The album is thought of as a concept album, as all of the songs are ordered in the track listing as to tell a story about a relationship throughout the years. Three singles were released: "I'd Lie for You (And That's the Truth)" (a duet with Patti Russo), "Not a Dry Eye in the House" and "Runnin' for the Red Light (I Gotta Life)". They reached #2, #7 and #21 in the UK charts, with the first two written by Diane Warren, who later also wrote songs for Meat Loaf's albums Couldn't Have Said It Better and Bat Out of Hell III: The Monster Is Loose. In some markets, radio stations also played "Amnesty Is Granted", though it was not released as an official single. Despite the chart success of the album and its singles, only "Amnesty is Granted" has appeared on an official live album, Casa De Carne (Live 2008) as a bonus CD with Hang Cool Teddy Bear. "I'd Lie for You (And That's the Truth)" was recorded as a sound check with the Melbourne Symphony Orchestra, but only included as a bonus download track.

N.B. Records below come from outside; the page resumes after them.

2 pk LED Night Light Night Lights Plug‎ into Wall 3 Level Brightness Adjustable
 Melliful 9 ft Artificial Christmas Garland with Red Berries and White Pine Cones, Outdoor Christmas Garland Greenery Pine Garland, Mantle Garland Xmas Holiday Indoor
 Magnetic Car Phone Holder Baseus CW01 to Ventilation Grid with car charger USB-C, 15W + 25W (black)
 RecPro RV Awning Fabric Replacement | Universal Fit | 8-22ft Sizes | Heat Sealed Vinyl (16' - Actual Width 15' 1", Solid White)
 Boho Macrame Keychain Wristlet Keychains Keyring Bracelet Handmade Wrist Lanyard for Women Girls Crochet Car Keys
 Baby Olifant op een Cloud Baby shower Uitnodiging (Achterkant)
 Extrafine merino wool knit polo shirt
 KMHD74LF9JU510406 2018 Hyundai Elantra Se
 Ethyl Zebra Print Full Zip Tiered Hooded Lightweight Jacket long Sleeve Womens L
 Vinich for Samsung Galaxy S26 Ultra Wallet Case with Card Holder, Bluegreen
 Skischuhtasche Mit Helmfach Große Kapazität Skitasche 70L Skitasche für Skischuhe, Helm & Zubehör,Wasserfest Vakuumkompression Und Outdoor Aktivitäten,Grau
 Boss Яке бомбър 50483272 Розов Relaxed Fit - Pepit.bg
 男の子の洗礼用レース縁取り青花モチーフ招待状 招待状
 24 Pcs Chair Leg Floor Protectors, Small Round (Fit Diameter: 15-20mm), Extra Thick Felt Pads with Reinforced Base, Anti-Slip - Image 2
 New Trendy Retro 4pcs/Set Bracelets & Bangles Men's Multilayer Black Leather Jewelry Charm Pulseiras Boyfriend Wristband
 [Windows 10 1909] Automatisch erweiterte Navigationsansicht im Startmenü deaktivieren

Of the twelve songs on the album, two are covers of songs from Jim Steinman projects; "Original Sin" first appeared on Pandora's Box's Original Sin album (it was also heard in the movie The Shadow, where it was performed by Taylor Dayne), and "Left in the Dark" first appeared on Steinman's own album Bad for Good.

Cover art
The theme on the cover art and inside booklet is that of detective novels of the 1950s. The booklet, aside from having the lyrics for every song, features a "Detective Novel" per song with modified titles to accommodate the titles of the songs. At least one image, the one associated with "Where Angels Sing" (the final track on the album), is easily recognizable: it is the same image, only with slightly altered colors, as in the movie poster for Lolita, Stanley Kubrick's film adaption of the controversial same-titled novel by Vladimir Nabokov; the typeface used to write "Where Angels Sing" is also the same one as in the poster. This style was also used for the three singles released off the album, with the cover art for each of them being its correspondent novel from the booklet.

Track listing

Collector's edition
In 2011, a three disc collector's edition was released. The first disc includes the songs on the original release with four additional tracks.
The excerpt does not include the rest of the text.